Le transport de passagers et de marchandises vers la Corse représente toujours la majorité du chiffre d’affaires de Corsica Ferries, dont 61 % des clients sont Français. A l’origine, en 1968, la société de Pascal Lota était un acteur marginal de ce marché dominé – grâce à des subventions – par la SNCM. Mais peu à peu « ce système voué à l’échec s’est effondré », explique M. Mattei. Tandis que la SNCM sombrait, Corsica Ferries est devenu de loin le premier opérateur.

Des prix serrés

Aujourd’hui, la compagnie bénéficie de l’engouement confirmé des touristes pour la Corse, une destination plus sûre maintenant que le FLNC a déposé les armes. « Et désormais, les subventions ne devraient plus perturber le jeu », se réjouit le PDG, qui espère récupérer en justice une partie de ce que la concurrence faussée par les aides publiques a coûté à Corsica Ferries. Le préjudice est évalué à 88 millions d’euros.

Mais c’est surtout hors de Corse que l’entreprise voit son expansion. D’où l’assaut lancé cette année sur le marché des Baléares, en s’appuyant une fois de plus sur un modèle proche de celui de Ryanair ou easyJet. A chaque fois, Corsica Ferries propose des prix serrés en comprimant ses propres frais. Pour y parvenir, la compagnie est présente dans des ports de deuxième rang : Toulon plutôt que Marseille, Alcudia plutôt que Palma de Majorque, etc. « Cela offre des coûts portuaires réduits, et permet en outre des trajets plus courts », expliquent les dirigeants. L’entreprise rentabilise aussi ses navires en les faisant circuler le plus possible. « Ils ne restent jamais à quai. A peine arrivés à Ajaccio, ils repartent à l’île Rousse, etc., et effectuent jusqu’à trois traversées en 24 heures. »

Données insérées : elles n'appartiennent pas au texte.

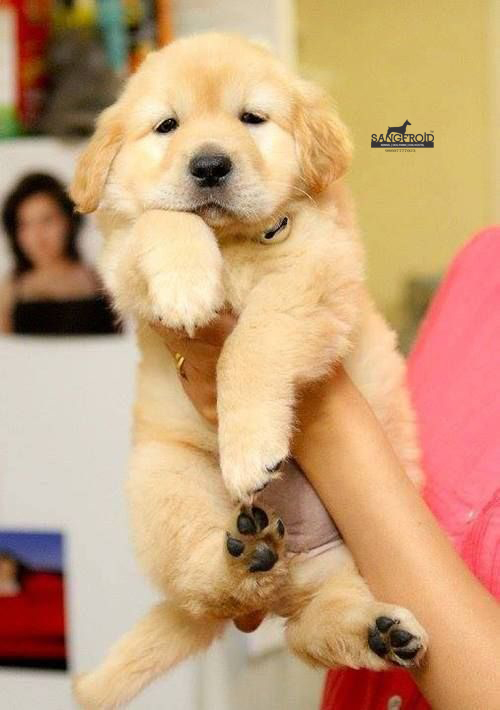 Image of Golden Retriever posted on 2022-08-22 04:07:05 from Mumbai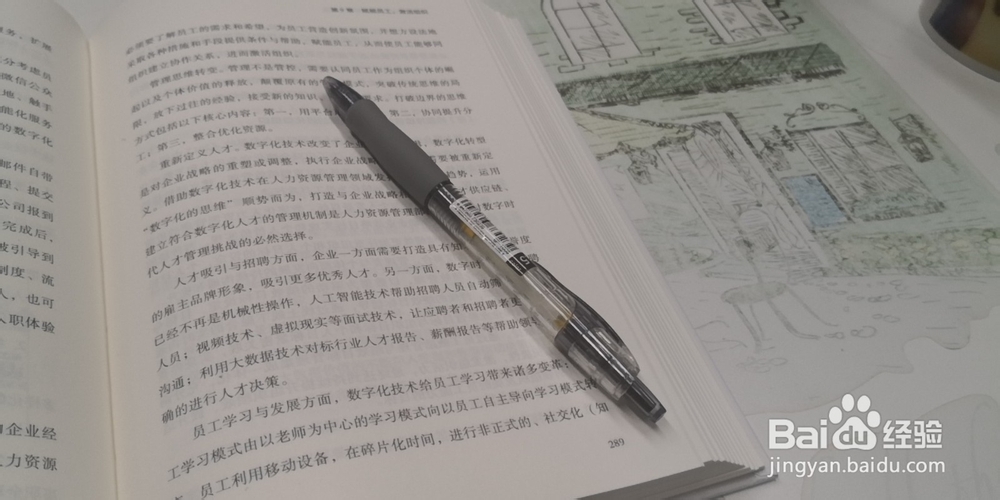 如何高效学习(结合生物钟)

Comme les compagnies aériennes, Corsica Ferries joue aussi la carte des réservations sur Internet, et des prix ajustés en permanence en fonction du remplissage des bateaux et des tarifs des concurrents. Autre recette classique du monde du « low cost » : la prestation de base n’est pas chère – pour le cinquantenaire, des passages à 1 euro par voiture vont même être proposés cette semaine –, mais tout le reste est à payer en supplément. Un tiers du chiffre d’affaires provient ainsi de la restauration.